#### Your task
Please return the listing below exactly, without any of its pictures.

#### Dataset extract
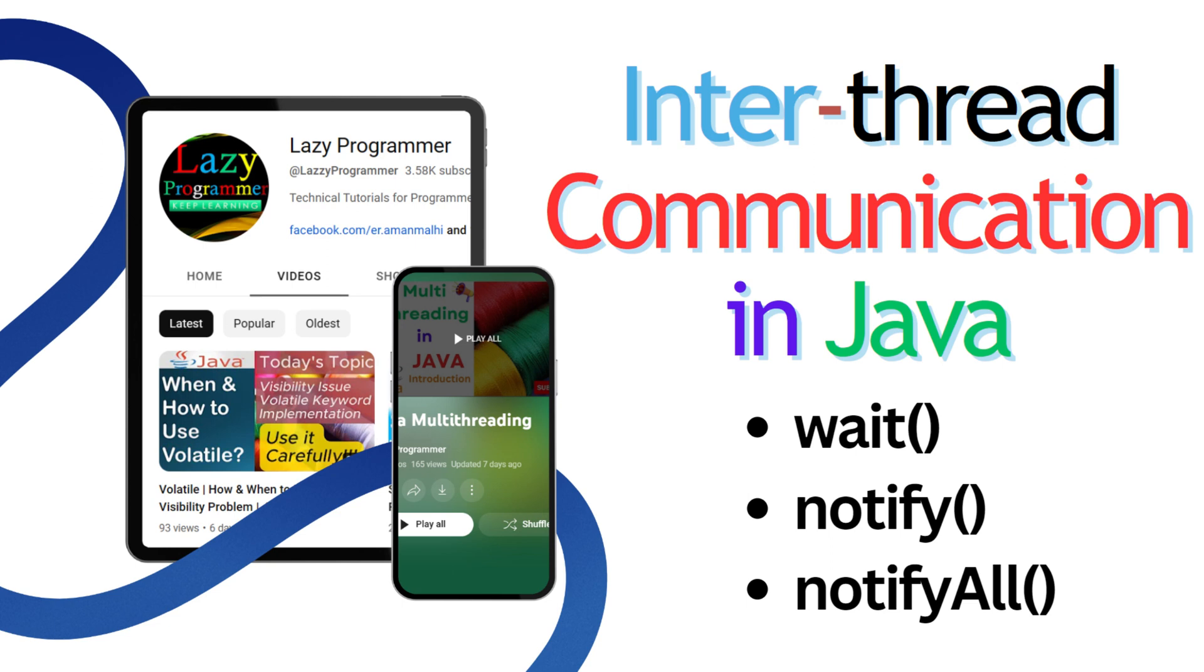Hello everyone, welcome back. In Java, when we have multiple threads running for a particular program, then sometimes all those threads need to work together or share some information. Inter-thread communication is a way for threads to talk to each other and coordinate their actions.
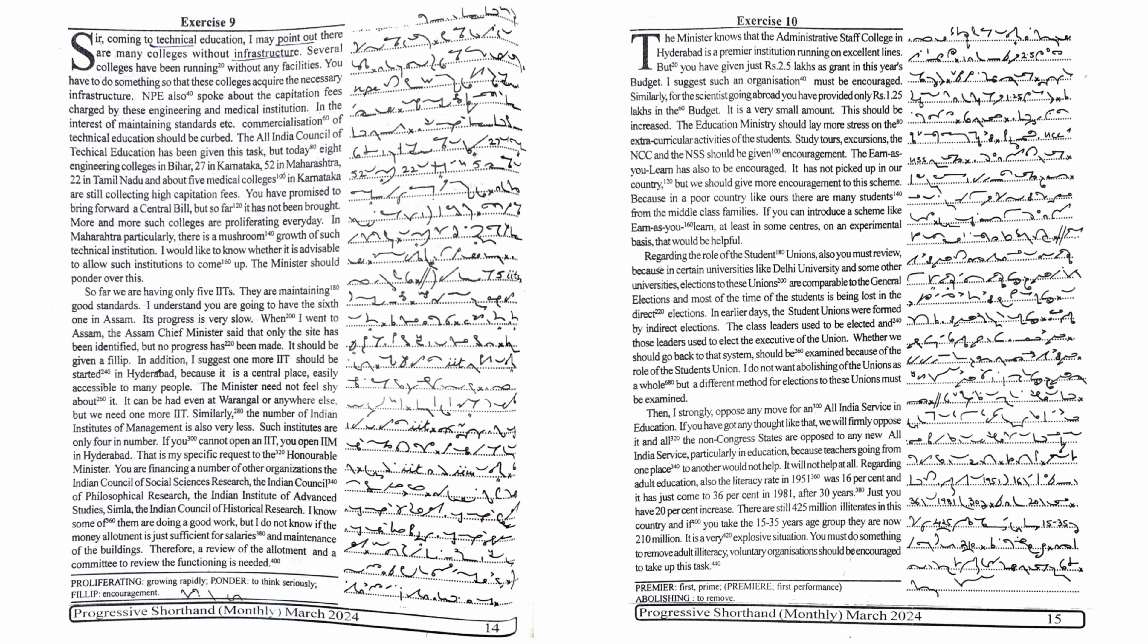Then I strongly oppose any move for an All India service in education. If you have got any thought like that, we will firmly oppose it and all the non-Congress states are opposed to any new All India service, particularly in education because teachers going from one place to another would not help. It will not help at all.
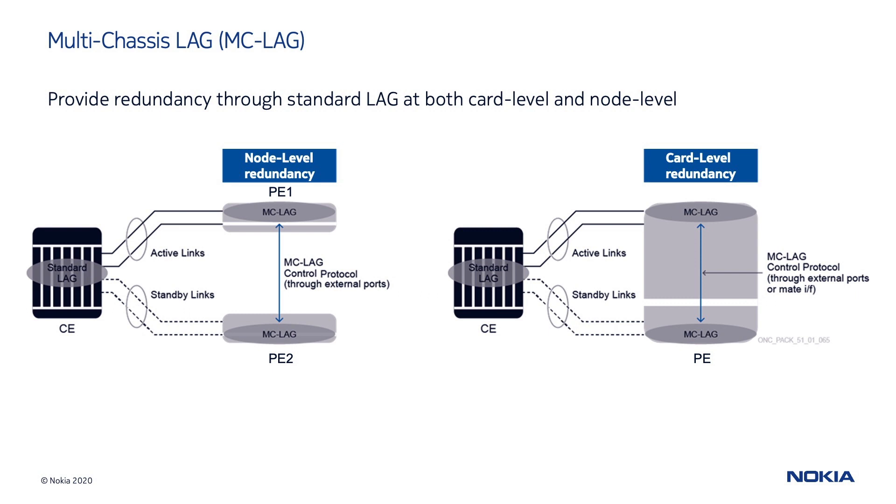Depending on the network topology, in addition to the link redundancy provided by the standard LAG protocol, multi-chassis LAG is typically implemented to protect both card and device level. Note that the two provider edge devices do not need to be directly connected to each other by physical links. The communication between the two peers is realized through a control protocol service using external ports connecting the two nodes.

#### Answer
Hello everyone, welcome back. In Java, when we have multiple threads running for a particular program, then sometimes all those threads need to work together or share some information. Inter-thread communication is a way for threads to talk to each other and coordinate their actions.
Then I strongly oppose any move for an All India service in education. If you have got any thought like that, we will firmly oppose it and all the non-Congress states are opposed to any new All India service, particularly in education because teachers going from one place to another would not help. It will not help at all.
Depending on the network topology, in addition to the link redundancy provided by the standard LAG protocol, multi-chassis LAG is typically implemented to protect both card and device level. Note that the two provider edge devices do not need to be directly connected to each other by physical links. The communication between the two peers is realized through a control protocol service using external ports connecting the two nodes.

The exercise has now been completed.